**Task item**
Print exactly what the entries say, line by line, from the first line down to the one with "Villa in Località", inclusive.

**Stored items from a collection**

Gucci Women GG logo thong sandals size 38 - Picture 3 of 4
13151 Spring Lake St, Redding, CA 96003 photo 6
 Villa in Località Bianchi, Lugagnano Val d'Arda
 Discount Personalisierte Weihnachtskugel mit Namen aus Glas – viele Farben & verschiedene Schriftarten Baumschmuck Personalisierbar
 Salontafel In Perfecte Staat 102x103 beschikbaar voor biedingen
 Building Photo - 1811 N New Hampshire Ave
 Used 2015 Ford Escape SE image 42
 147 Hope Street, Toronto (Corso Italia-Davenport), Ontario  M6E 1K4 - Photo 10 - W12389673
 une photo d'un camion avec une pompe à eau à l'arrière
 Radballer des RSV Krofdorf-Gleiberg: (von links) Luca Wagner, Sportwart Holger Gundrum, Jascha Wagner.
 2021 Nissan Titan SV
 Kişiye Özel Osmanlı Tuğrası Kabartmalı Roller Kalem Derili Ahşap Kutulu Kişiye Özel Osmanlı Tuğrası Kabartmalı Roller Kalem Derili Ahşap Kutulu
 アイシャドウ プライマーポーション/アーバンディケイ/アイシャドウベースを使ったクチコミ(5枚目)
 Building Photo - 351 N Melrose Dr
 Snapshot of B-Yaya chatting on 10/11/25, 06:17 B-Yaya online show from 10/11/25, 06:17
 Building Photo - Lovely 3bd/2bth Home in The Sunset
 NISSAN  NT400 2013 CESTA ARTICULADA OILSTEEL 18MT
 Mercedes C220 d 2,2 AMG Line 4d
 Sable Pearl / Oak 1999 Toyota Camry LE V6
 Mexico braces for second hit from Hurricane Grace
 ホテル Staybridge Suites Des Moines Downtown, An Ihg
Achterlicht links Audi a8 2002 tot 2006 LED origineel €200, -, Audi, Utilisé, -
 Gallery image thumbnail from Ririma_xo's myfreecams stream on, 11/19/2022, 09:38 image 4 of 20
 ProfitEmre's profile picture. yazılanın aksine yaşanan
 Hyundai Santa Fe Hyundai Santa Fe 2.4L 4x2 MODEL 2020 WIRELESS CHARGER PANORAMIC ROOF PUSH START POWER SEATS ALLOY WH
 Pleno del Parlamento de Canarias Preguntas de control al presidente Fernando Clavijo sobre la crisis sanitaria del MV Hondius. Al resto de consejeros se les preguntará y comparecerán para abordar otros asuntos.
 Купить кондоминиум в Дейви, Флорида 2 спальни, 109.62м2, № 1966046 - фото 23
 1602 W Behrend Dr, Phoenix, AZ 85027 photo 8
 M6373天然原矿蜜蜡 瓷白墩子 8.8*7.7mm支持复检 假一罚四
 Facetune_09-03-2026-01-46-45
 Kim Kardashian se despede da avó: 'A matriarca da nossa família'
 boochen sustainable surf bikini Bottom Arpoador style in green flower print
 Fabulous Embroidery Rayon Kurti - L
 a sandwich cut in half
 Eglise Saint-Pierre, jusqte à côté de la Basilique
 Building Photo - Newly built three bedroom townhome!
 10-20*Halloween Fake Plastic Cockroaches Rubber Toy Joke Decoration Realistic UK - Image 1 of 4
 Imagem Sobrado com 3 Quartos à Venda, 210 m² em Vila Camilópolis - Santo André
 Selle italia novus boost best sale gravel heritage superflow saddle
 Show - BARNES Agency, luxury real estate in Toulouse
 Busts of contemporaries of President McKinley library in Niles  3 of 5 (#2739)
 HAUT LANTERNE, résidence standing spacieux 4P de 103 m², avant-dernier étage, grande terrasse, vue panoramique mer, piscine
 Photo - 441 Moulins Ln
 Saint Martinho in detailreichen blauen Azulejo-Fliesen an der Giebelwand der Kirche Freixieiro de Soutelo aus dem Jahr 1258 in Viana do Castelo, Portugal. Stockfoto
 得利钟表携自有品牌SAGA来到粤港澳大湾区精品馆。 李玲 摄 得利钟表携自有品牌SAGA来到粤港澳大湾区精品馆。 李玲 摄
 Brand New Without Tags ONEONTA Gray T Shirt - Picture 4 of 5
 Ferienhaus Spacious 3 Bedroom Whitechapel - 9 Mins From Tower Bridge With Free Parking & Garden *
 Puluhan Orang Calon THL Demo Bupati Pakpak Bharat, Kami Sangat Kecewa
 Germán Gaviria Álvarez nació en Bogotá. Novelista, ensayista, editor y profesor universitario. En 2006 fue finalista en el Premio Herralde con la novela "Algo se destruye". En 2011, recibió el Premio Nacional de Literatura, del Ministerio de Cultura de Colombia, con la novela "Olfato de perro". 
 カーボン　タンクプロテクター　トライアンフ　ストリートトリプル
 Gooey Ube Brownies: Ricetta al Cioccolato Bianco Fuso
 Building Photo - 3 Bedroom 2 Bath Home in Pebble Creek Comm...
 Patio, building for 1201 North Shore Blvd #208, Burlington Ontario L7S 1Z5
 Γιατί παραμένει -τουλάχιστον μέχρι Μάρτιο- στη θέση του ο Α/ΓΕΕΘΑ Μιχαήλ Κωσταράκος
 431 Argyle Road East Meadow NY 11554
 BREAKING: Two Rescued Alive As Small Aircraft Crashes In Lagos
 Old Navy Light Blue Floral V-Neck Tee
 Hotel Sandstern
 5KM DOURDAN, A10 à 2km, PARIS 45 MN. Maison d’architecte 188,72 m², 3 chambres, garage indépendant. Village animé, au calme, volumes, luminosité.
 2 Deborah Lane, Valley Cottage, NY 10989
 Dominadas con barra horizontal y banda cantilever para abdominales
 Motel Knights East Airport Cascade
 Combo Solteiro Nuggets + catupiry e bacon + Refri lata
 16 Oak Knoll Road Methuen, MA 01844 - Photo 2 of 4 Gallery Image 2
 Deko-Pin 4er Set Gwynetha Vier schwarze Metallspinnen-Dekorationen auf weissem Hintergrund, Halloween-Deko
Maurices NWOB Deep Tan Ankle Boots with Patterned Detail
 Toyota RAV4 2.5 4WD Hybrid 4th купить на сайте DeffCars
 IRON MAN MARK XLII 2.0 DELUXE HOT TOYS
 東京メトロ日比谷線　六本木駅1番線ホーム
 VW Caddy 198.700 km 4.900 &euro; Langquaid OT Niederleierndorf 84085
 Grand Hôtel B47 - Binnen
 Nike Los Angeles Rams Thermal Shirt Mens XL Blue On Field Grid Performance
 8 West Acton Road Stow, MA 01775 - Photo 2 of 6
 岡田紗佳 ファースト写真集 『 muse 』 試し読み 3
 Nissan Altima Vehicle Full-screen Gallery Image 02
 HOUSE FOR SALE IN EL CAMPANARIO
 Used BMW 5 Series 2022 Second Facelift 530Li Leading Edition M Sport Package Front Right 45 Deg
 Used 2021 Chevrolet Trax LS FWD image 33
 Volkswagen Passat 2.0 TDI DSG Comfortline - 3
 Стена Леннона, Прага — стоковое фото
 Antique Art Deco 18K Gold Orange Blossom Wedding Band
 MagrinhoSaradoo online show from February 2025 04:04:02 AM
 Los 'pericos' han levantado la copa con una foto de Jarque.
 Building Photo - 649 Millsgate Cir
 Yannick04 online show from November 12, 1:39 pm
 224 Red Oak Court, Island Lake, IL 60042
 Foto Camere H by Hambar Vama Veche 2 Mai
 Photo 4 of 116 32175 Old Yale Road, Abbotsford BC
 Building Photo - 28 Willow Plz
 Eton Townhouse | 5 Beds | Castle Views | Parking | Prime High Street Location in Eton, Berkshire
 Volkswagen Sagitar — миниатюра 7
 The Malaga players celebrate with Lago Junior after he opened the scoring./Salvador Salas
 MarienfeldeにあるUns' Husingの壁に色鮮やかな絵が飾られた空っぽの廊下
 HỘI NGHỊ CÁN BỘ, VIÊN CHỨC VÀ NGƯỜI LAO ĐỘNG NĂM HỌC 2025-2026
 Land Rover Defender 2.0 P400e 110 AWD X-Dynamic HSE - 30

**Reply**
Gucci Women GG logo thong sandals size 38 - Picture 3 of 4
13151 Spring Lake St, Redding, CA 96003 photo 6
 Villa in Località Bianchi, Lugagnano Val d'Arda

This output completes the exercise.